A public-private partnership bought this affordable downtown tower.

Situated in Honolulu, the Maunakea property is 100 percent affordable. Image courtesy of Standard Communities

Standard Communities, alongside other entities in a public-private partnership, acquired Maunakea, a 100 percent affordable housing community in Honolulu. The other buyers are the State of Hawaii, the U.S. Department of Housing and Urban Development, Stanford Carr Development, the City of Honolulu and Hawaii Housing Finance & Development Corporation.

Built in 1977 at 1245 Maunakea Street in Honolulu, Maunakea is a 379-unit family community whose resident base is primarily senior citizens.

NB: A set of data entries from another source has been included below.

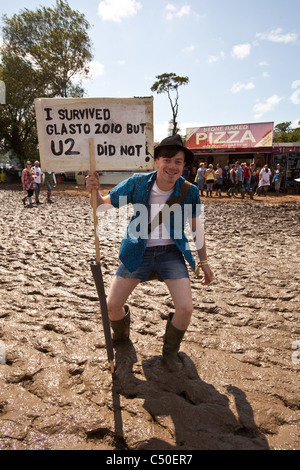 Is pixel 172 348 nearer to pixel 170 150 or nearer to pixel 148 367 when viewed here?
pixel 148 367

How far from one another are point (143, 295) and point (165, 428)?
2401mm

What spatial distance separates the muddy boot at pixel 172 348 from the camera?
283 cm

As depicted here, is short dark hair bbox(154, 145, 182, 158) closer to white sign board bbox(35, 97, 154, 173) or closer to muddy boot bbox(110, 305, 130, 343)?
white sign board bbox(35, 97, 154, 173)

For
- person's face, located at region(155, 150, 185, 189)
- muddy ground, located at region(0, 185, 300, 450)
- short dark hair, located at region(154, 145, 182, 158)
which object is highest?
short dark hair, located at region(154, 145, 182, 158)

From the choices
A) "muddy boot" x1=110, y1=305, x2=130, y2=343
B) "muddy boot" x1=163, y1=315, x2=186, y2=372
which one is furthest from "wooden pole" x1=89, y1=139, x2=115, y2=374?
"muddy boot" x1=163, y1=315, x2=186, y2=372

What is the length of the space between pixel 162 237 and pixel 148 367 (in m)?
1.17

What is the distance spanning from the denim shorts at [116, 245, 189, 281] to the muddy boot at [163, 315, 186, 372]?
483 millimetres

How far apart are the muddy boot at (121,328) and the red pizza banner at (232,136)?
898 inches

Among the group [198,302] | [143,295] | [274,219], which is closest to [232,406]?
[198,302]

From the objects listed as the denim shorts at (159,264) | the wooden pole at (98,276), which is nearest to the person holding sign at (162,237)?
the denim shorts at (159,264)

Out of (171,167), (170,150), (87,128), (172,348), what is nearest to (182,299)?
(172,348)

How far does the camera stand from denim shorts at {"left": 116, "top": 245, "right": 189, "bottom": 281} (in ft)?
9.05

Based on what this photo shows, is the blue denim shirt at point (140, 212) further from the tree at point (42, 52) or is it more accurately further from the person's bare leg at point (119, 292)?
the tree at point (42, 52)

The property features 254 one-bedroom apartments and 25 two-bedroom apartments. The residences include extra closet space, ceiling fans and open-concept floor plans. Community amenities include a swimming pool.

Last renovated in 2000, less than 25 years after its completion, Maunakea will undergo a more-than-$41 million renovation, an investment of approximately $109,000 per unit.

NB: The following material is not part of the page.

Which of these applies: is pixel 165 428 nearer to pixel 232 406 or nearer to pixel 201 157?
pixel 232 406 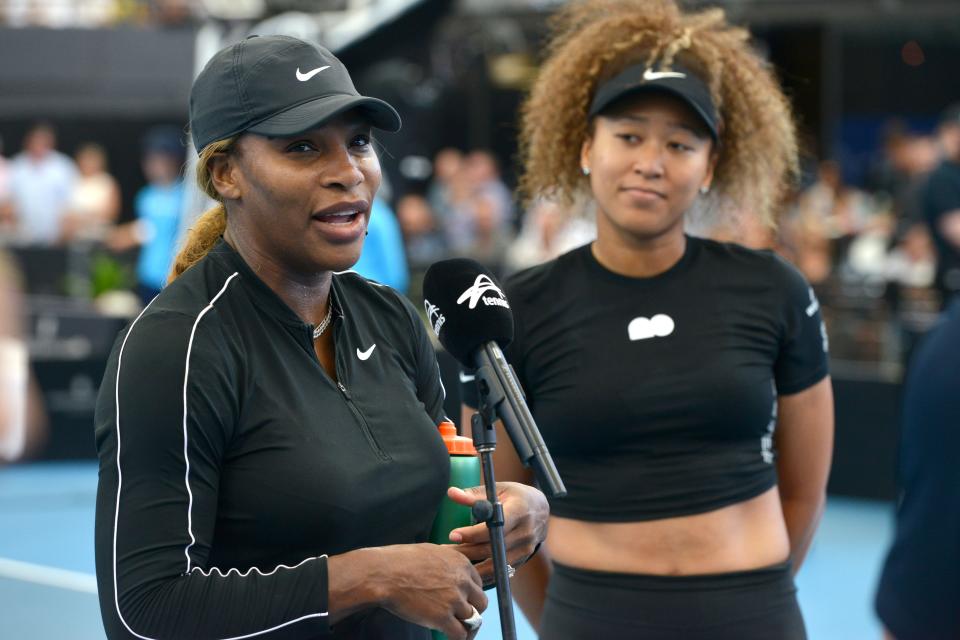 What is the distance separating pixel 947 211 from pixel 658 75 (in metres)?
5.17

Among the improvements will be kitchen and bathroom updates, as well as new flooring. Other enhancements will include new windows throughout, as well as a new business center and new fitness center. Grills will be added to the community picnic area.

Increased need

Hawaii has some of the nation’s highest apartment rents, heightening the need for high-quality, affordable housing. In a prepared corporate statement, a Standard Communities official noted that the company is committed to preserving and improving the state’s affordable housing stock as a way to lessen economic inequalities.

Maunakea is in a walkable neighborhood and is close to shopping, job hubs, institutions of higher learning, museums and waterfront parks. Last month, Highridge Costa made news by planning 10,000 new affordable units in Hawaii.